Cricket South Africa this week announced the establishment of a dedicated transformation fund, in line with the agreements they signed with the department of sport and Sascoc.
The fund will go towards improving facilities and creating more opportunities for youngsters to play cricket. As acting president Willie Basson pointed out at the launch, more than 80% of the population under the age of 15 is ethnic African.
“The transformation fund that has just been announced means there’s going to be greater effort in pushing for transformation and funds for new projects, but it’s all about our attitudes towards our country. If our attitude isn’t right, then it’s not going to happen. What’s in our hearts matters most and South African cricket will not be strong without its amateur base.
“Amateur cricket is a very important part of the development of a player and the South African team is only as strong as the amateur level beneath it,” Van Zyl said at the Gauteng cricket awards evening at the Wanderers on Thursday night.
The former national coach, last year’s bitter World Cup blow still fresh in his memory, said it was vital the structures beneath the national team were strong if South Africa were ever going to shake off their awful history in cricket’s most prestigious tournament.
Van Zyl’s appointment supplements the work done by Gary Kirsten and Mohammad Moosajee with the national team, Vinnie Barnes as head coach of the High Performance Centre, youth cricket manager Niels Momberg, senior cricket manager Max Jordaan and coaching education manager Anton Ferreira.
WHOLE CRICKET PIPELINE
“The general manager must look after the whole cricket pipeline. The different managers (Barnes, Momberg, Jordaan and Ferreira) report to me and I manage that whole pipeline from grassroots to the academy and the High Performance Centre.
“I also work closely with Doc Moosajee and Gary so that the messages they’re giving to the national team filter the whole way through the system,” Van Zyl said.
Despite representing South Africa when they first returned from isolation, and then coaching the national team from 2009 to 2011, Van Zyl expressly indicated that his most memorable cricket moments came at lower levels.

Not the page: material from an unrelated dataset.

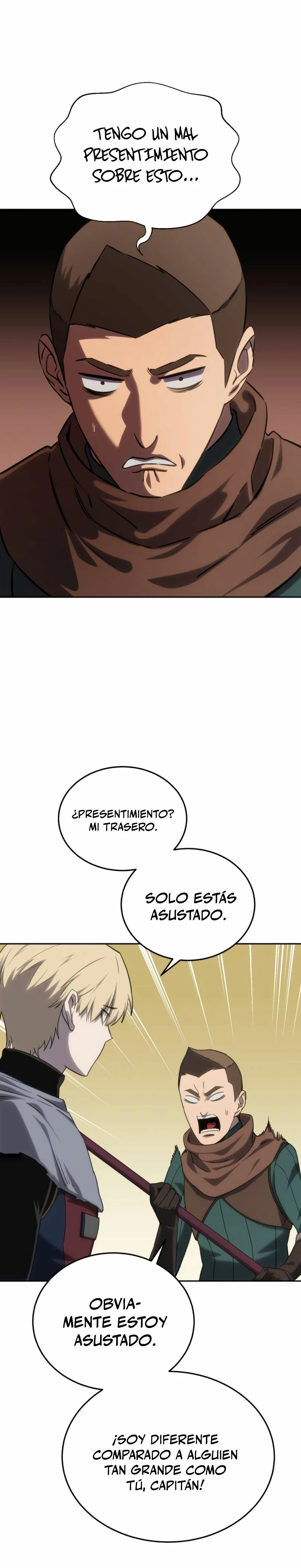 El maestro de la espada acogedor de estrellas Capítulo 9 - Page 28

“My biggest highlight was winning trophies for Free State. I could have moved to another province, but I’m so glad I stayed home and won with my friends.
“The first trophy was the best, winning the Benson & Hedges Night Series final in Cape Town in 1989. The Cape Times were saying it would be four-in-a-row for Western Province so Joubert Strydom, our captain, and I stuck that message on the changeroom door. We ended up bowling them out for 152 and won by 61 runs.
“And my favourite cricket story also comes from my amateur days. It was against UCT in Grahamstown during the Universities Week. Just before SAU, Free State Varsity played in a six-a-side tournament in Bloem and a guy called Pierre Hugo dropped about six catches.
“Then against UCT, Roy Pienaar hits the ball to him on the fence. Pierre just walked backwards, over the rope and signalled six. Unfortunately the ball landed and stopped inside the boundary!” Van Zyl laughed.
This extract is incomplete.